Paris Conference on 1989

On October 22–23, the Institut d’Études Politiques de Paris (Sciences-Po) organized a conference entitled “1989: A Global Event?” Participants included Pierre Hassner of Sciences-Po, former Polish minister of finance Leszek Balcerowicz, Thomas Carothers of the Carnegie [End Page 182] Endowment for International Peace, Ivan Krastev of the Center for Liberal Strategies in Sofia, and Jacques Rupnik of Sciences-Po. During a ceremony at the opening of the conference, the school presented former Czech president Václav Havel with an honorary doctorate. For more information, see http://chutedumur.sciences-po.fr/le-colloque.html.

NED’s International Forum

The Forum hosted the Washington Workshop for Think Tank Managers on September 14–18. Twelve managers of member institutes of the Network of Democracy Research Institutes attended from Argentina, Ecuador, Georgia, Ghana, India, Jordan, Kosovo, Lebanon, Mexico, South Africa, and Uganda. They visited policy-research centers including the Brookings Institution, the Carnegie Endowment for International Peace, the Heritage Foundation, and the American Enterprise Institute, where they received briefings on networking, website development, and communications and outreach.

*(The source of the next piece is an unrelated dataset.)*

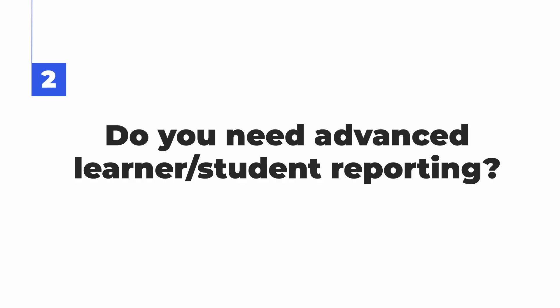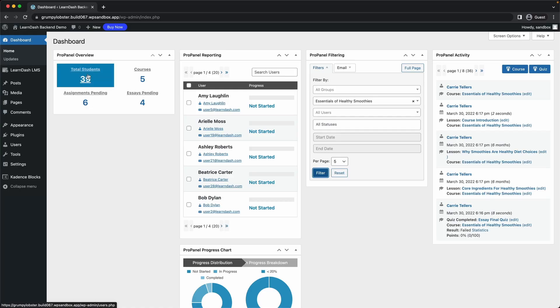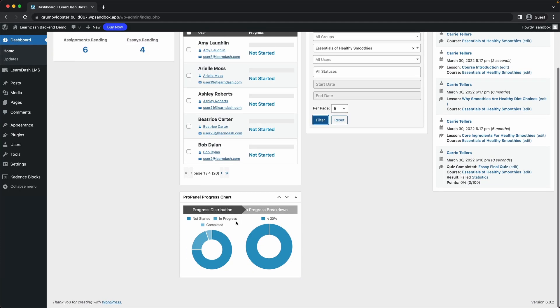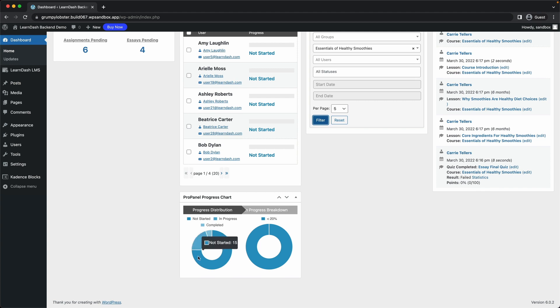The next question to ask is: do you need advanced student reporting? With the plugin version, you get access to the base plugin and all of the great features and functionality that are there. When you're ready to add additional functionality, the premium plugins are available at an additional fee. However, with LearnDash Cloud, because of the way it's structured with the monthly subscription, everything is included — so you get Pro Panel and any future premium add-ons included as well.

On October 15, the Forum organized a luncheon presentation celebrating the publication of Legislative Power in Emerging African Democracies by Joel Barkan of the Center for Strategic and International Studies (CSIS), which cosponsored the event. Peter M. Lewis of the Johns Hopkins Paul H. Nitze School of Advanced International Studies (SAIS) and Stephen N. Ndegwa of the World Bank offered comments.

On October 28, Boris Begović of the Center for Liberal-Democratic Studies in Serbia gave a luncheon presentation, cosponsored by the Center for International Private Enterprise (CIPE), entitled “The Impact of the Economic Crisis on Central and Eastern Europe.” Mitchell A. Orenstein of SAIS commented.

On December 4, the Forum, together with the Latin American Program of the Woodrow Wilson International Center for Scholars, organized a seminar on “Uruguay’s Presidential Race: A Post-Election Assessment.” Woodrow Wilson Center Public Policy Scholar Jorge Lanzaro of the Universidad de la República (Montevideo) and Arturo Porzecanski of American University offered their interpretations of the final election results and the potential consequences for the region.

In October, the Forum welcomed a new group of Reagan Fascell Democracy Fellows: Emmanuel Abdulai (Sierra Leone), Migai Akech (Kenya), Salah Albedry (Iraq), Sangsoo Kim (South Korea), Peter Novotny (Slovakia), Nikolay Rudenskiy (Russia), and Radwan Ziadeh (Syria). They will be in residence through February 2010. Mary Speck (United States) will be a visiting fellow through June 2010.

On December 10, Nikolay Rudenskiy, deputy editor of Grani. Ru (www.grani.ru), an independent online media outlet based in Moscow, gave a presentation entitled “Shrinking from Brainwashing: The Russian Media’s Response to Political Challenges.” John Squier, NED senior program officer for Russia and Ukraine, offered comments. [End Page 183]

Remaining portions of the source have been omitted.